TASK → Begin the copy at the line containing "28 10 2020 Manifestacja" in the data below and end it at the line containing "MESUT YAVUZ İMZALI ORİJİNAL KARİKATÜR 11x18", keeping each line exact and leaving out pictures.

DATA TO PROCESS →
____________________

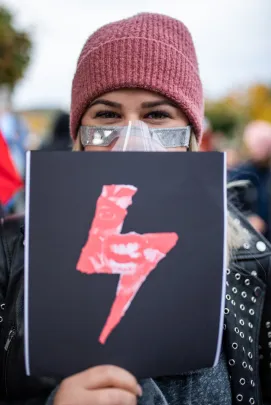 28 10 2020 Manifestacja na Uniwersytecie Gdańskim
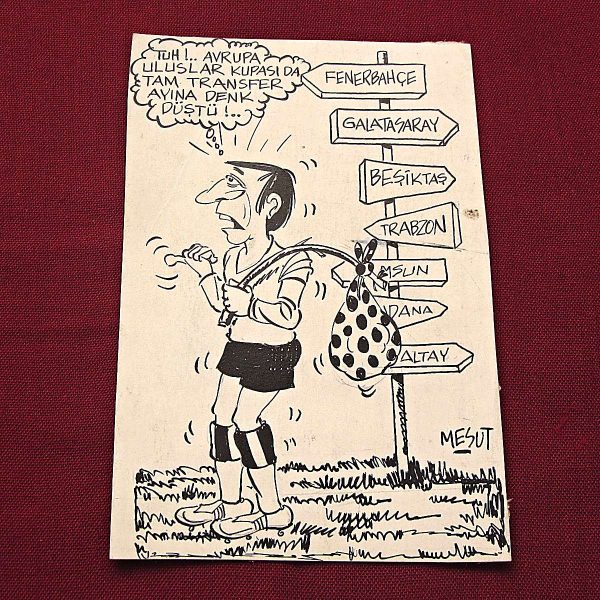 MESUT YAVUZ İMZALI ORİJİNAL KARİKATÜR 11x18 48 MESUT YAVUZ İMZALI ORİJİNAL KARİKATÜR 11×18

____________________

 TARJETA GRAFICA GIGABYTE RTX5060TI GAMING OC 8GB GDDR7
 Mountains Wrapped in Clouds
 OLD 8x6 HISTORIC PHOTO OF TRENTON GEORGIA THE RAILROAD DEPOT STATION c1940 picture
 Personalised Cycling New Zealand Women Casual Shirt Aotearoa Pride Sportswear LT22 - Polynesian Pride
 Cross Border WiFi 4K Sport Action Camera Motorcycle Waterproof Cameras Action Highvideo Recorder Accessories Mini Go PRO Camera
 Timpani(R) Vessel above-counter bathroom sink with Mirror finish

____________________

EXERCISE RESPONSE →
 28 10 2020 Manifestacja na Uniwersytecie Gdańskim
 MESUT YAVUZ İMZALI ORİJİNAL KARİKATÜR 11x18 48 MESUT YAVUZ İMZALI ORİJİNAL KARİKATÜR 11×18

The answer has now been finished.